彼はほっとした。自分の小説の完成を待つ読者たちに自分の現状を知ってもらえたからだ。あとは、才能泥棒の目を掻い潜り、小説を完成させるだけだ。
ところが、才能泥棒は手強くて、彼の小説は一向に完成しなかった。
彼は焦り、さまざまな工夫をして才能泥棒から逃れようと奮起したが、中途半端な原稿が机の引き出しに増えるだけであった。
その間、なぜかわからないが、彼の「お詫び文」が世間で人気らしく、彼の口座に大金が振り込まれた。
「世の中不思議なことがあるのものだ」彼は不思議に思ったが、彼の小説の完成への期待に対する支援金だと思い、ありがたく頂戴した。
それから継続的に、編集者から小説の要求があった。
彼は、まだ小説が完成しないため、再び才能泥棒についてお詫び文を書くことにした。
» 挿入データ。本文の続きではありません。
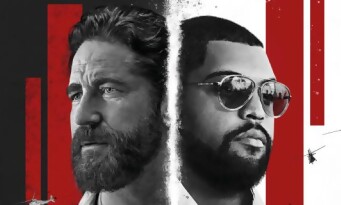 Crminal Squad : Pantera : une bande-annonce énervée pour Gerard Butler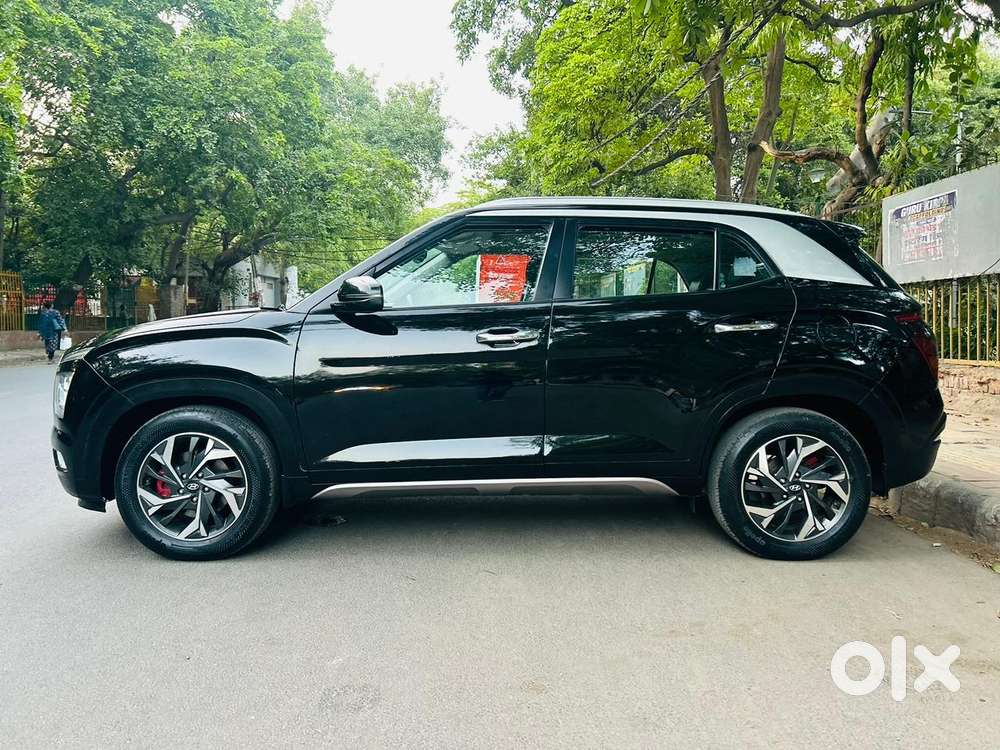 Hyundai Creta 1.5 Sx (o) Diesel At, 2020, Diesel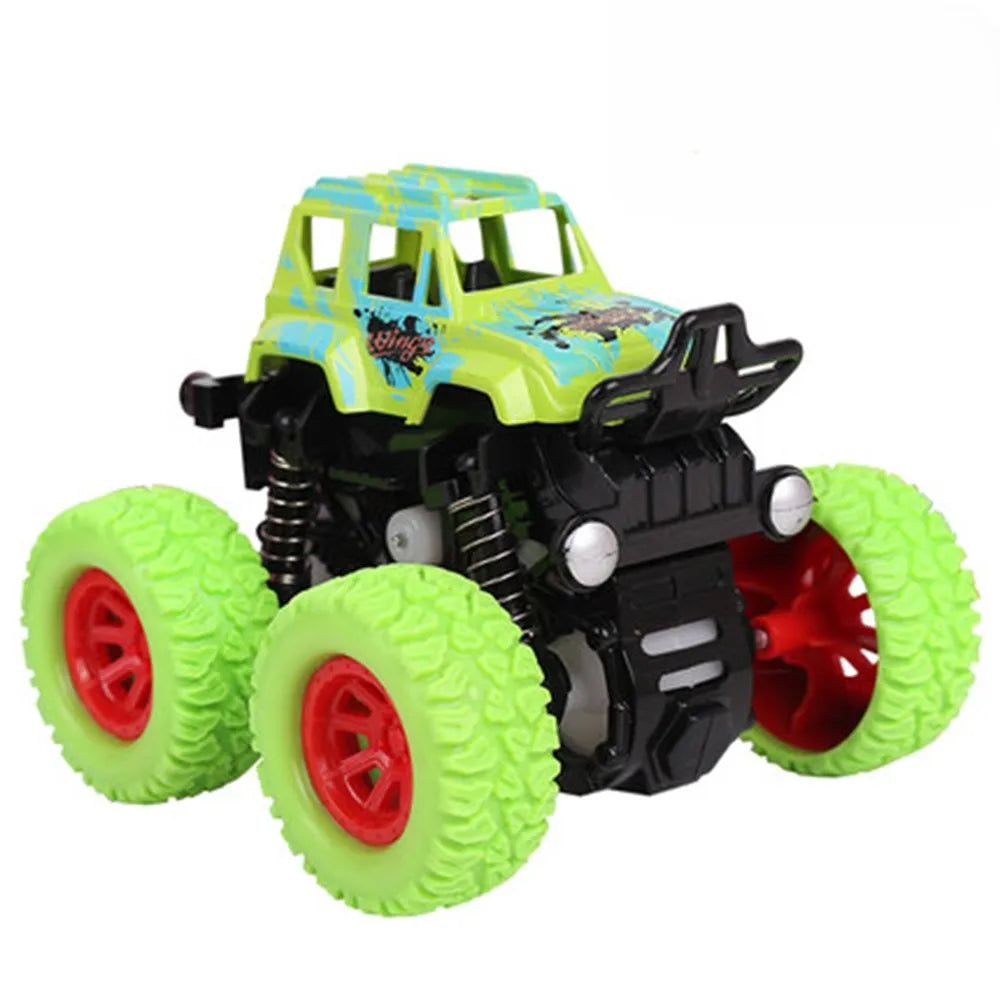 KTX-877075 Inertial Four-Wheel Drive Rotatable Off-Road Vehicle for Kids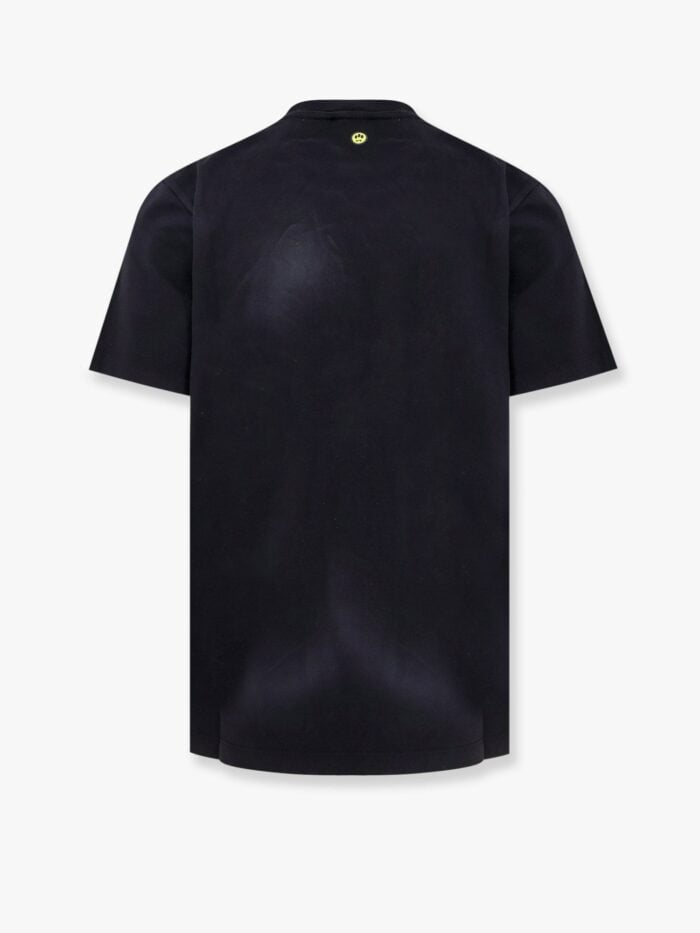 Barrow Cotton T-shirt With Logo On The Front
彼らがどれだけ卑劣で、狡猾かを書き、自分の葛藤を書き連ねた。
こうして、数年おきに「お詫び文」を載せていたのだが、ある時、編集者から「お詫び文」を映画化したいという話がきた。
「先生の作品の映画化、絶対にうまくいきます」
編集者は、いつの間にか彼を先生と呼ぶようになっていた。
「先生はよしてください。まだ何も発表できていないのですから。しかし、奇特な人たちがいるのですね」
彼は首の裏をぽりぽりと掻いた。いくら私の小説の完成を待つファンが大勢いるからと言っても、ここまで熱心だとは思わなかった。まさか、私のお詫び文を映画化するとは。
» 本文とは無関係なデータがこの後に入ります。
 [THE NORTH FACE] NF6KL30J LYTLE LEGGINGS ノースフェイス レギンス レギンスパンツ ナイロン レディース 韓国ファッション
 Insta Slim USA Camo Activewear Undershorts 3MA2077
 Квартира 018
その連絡からしばらく後、いつものアルバイトから帰る途中、街中には彼の映画の看板で溢れかえっていることに気がついた。映画は大ヒットしたようだった。
それを横目に見ながら、彼はいつもの狭いワンルームの自宅に帰った。
「さて、そろそろ、小説を完成させないとな……」
そう言って、彼はまだ見ぬ小説の完成のため、机に向かうのだった。